Recurring to video and photography, Cinthia Marcelle documents the effects that her interventions have on the usual order of things. Her actions, often conceived as useless or absurd repetitions, create situations that challenge our notions of conventional behaviour by introducing often humorous coincidences and connections.
Daniel Birnbaum, the Chairman of the Jury stated: “With a keen sense of scale and sculpture impact Cinthia Marcelle beautifully composed films captures the viewer immediately. Her visually powerful works in the exhibition impressed the jury through their visual economy and rigorous form. We congratulate her to her successful synthesis of choreography landscape and performance”.

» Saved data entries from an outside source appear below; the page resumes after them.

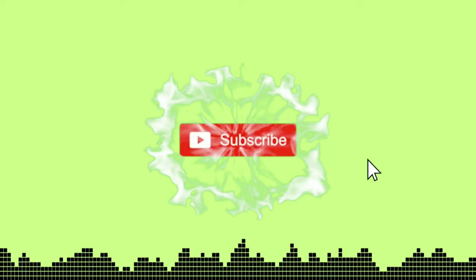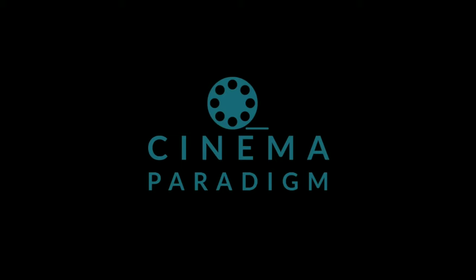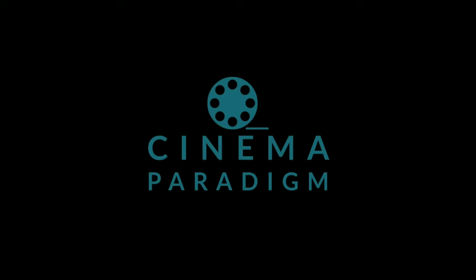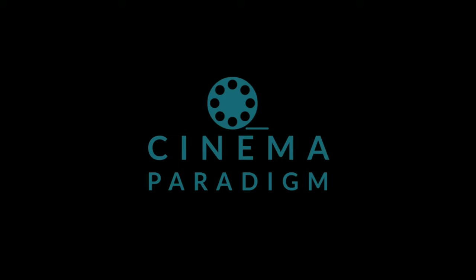Thanks for watching and please do subscribe to our channel and your support is much needed. This is Cinema Paradigm, a rational and abstract space for cinema discussions. And I am Bharat signing off and will be coming back with another wonderful movie in my next video. Until then, see you, have a nice day.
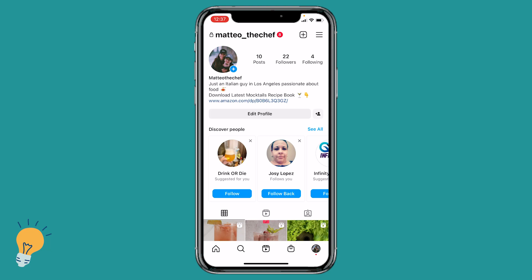Welcome back guys, this is Matt and today we're gonna see how to see liked posts on Instagram.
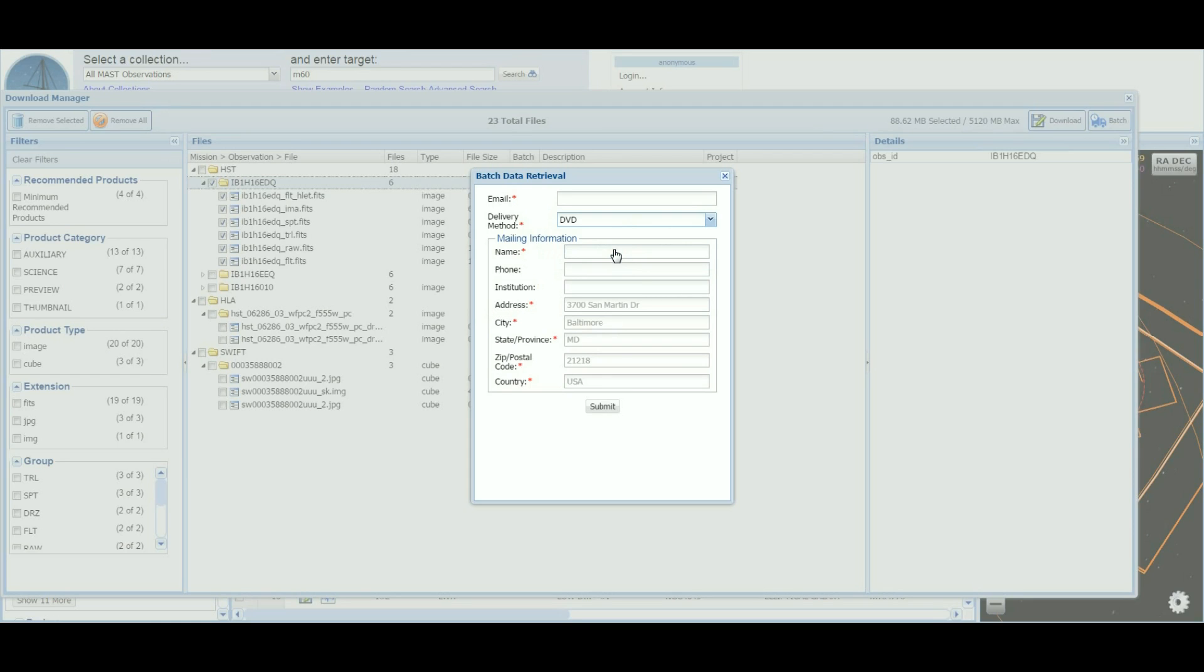This concludes our demo of the improved download basket. For more of our demos, visit our YouTube channel, STSCI Mast.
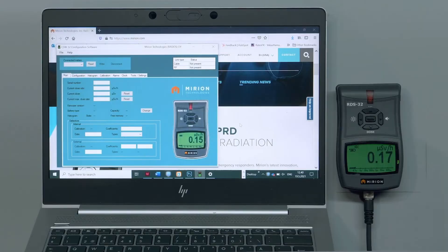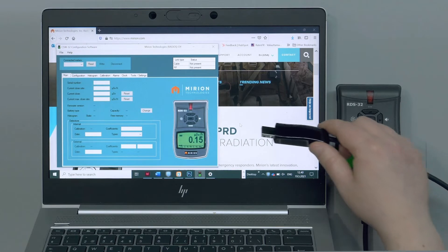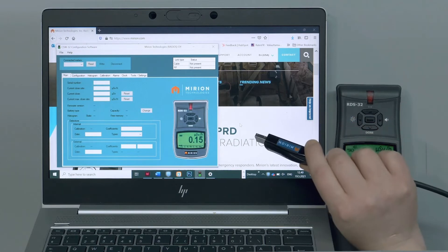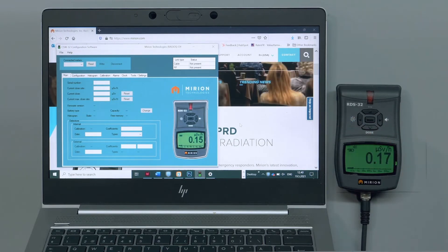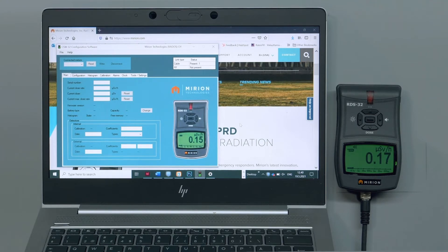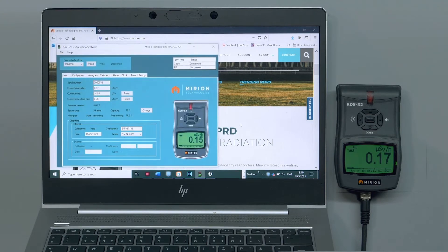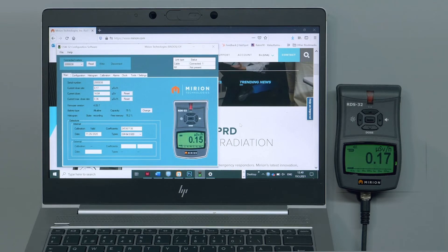The RDS32 also has new CSW32 configuration software and can be connected using the same USB cable link you use with the RDS31. Notice how the meter makes the connection to the CSW32 software automatically.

The winner of the Main Prize ($60,000 in cash and $40,000 to be invested in the production of new work), Cinthia Marcelle intends to keep researching, experimenting and developing new projects.
Cinthia currently lives and works in Belo Horizonte. Her work has been commissioned for significant group exhibitions including the Biennal de la Habana, Cuba (2006), Biennale de Lyon (2007), Panorama da Arte Brasileira in São Paulo (2007) and Madrid (2008). She was awarded the International Prize for Performance in Trento, Italy (2006), and the annual TrAIN artist in residency award at Gasworks, London (2009).
Mircea Nicolae, born in Romania in 1980, received the Special Prize valued in $20,000 from the Victor Pinchuk Foundation, which will be used to fund Nicolae's stay at the artist-in-residency program, supporting the further development of the artist.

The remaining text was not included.